* **GOAL OF THE EXERCISE**
Copy all of the data below without altering a single line.
INFORMATION SHOWN below:
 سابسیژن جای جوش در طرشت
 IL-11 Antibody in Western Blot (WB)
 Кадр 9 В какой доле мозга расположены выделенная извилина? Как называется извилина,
End of INFORMATION SHOWN.
* **TASK RESPONSE**
 سابسیژن جای جوش در طرشت
 IL-11 Antibody in Western Blot (WB)
 Кадр 9 В какой доле мозга расположены выделенная извилина? Как называется извилина,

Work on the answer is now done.